The backdrop to this innovative and experimental project was the charging reform set to affect every local authority in England from October. This has now been postponed.

These reforms would have required councils to track spend on care provision for adults.

This was expected to create additional demand for care needs and financial assessments, with one report estimating that an extra 200,000 care and financial assessments would be needed every year.

This new demand would add to an existing backlog, which has seen between 300,000 and 500,000 assessments nationally still on the waiting list.

A further rise in backlogs cannot be tackled by increases in workforce alone, especially as the adult social sector has challenges in retaining and recruiting more people.

This is why our team from DHSC partnered with Dorset Council – we wanted to combine expertise in design of services and digital products with local knowledge.

The aim was to find a different way to tackle waiting lists and the care assessments backlog.

Our focus was on user research

The main effort of the combined team went into user research – speak to the people who receive and provide the care. We wanted to understand the experiences of people who use the service, as well as those involved in its delivery. In the 12 weeks of the project, we conducted interviews with 40 participants including:

  • social workers
  • assessment support co-ordinators
  • staff from the customer access team who take calls from Dorset residents
  • managers of programmes from the local authority as well as voluntary sector and assisted living scheme
  • unpaid carers
  • adults receiving care.

We learned about the challenges that an unpaid carer faced when moving her mother from another council to Dorset.  From her, we heard how long it took to be re-assessed and then to find care.

Social workers told us how they found their daily jobs did not meet the expectations they had when they were doing their degree. They said most of their time was spent at computers instead of working with people.

We also heard the genuine concerns felt by staff in assisted living schemes who are working harder and harder while the needs of their users increase. They told us the number of hours they are paid for to provide support is also going down.

Developing a solution

To explore the problems our users shared with us, we looked at how the service could be designed differently.

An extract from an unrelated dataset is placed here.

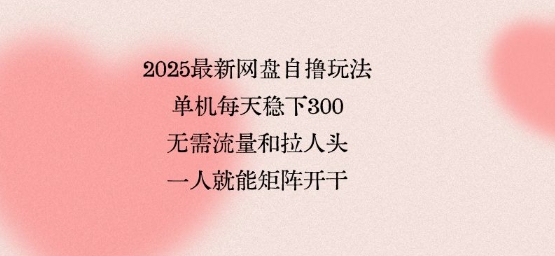 2025最新网盘自撸玩法，单机每天稳下3张，无需流量和拉人头，一个人就可轻松矩阵，全网独一份【揭秘】-创业项目网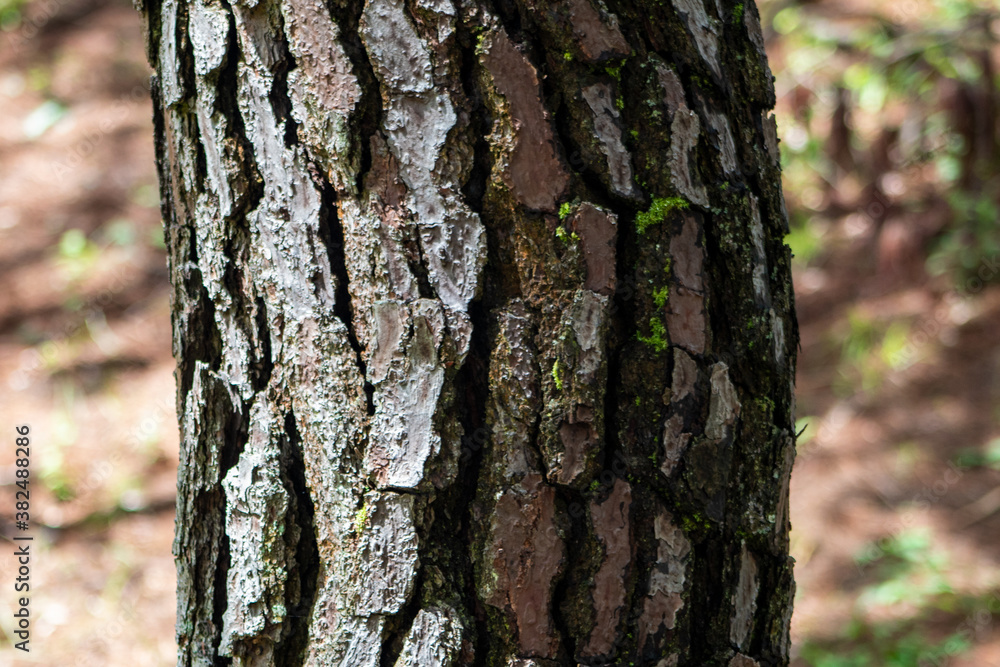 tree bark texture tree bark texture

We spent several weeks collating our user research and held a three-day workshop to better understand the problems and sketch out a proposal for redesigning the service.

By the end of day 3, we came up with a proposal, aimed at a specific type of service user, informed by our user research. We called them Alex. The main aspects of the proposal were:

  • To improve Alex’s experience, we would need to reduce the instances of asking Alex to repeat their story from many to one
  • To empower staff at Dorset Council, we would need to provide faster and better access to higher quality information about Alex’s history and needs
  • To remove waiting lists for people like Alex, we would need to find a way of shortening their journey from several months to several weeks.

The digital concept of the proposal – Social Care Passport

Our concept was to develop a ‘Social Care Passport’ for Alex.

This would:

  • Enable the service user to record and share their own story, perhaps even using their own voice
  • Hold securely, and make accessible, records of interventions and encounters that Alex may have had with the health service or local community or voluntary organisations
  • Allow the local authority and other trusted organisations and individuals to access a rich summary of Alex’s needs, making it possible to shorten the time from requesting care to getting it.
  • Introduce transparency in the process: Users like Alex and their carers would be able to track what is happening. When is the next appointment to discuss the care package? When is the annual review? How is the current package working?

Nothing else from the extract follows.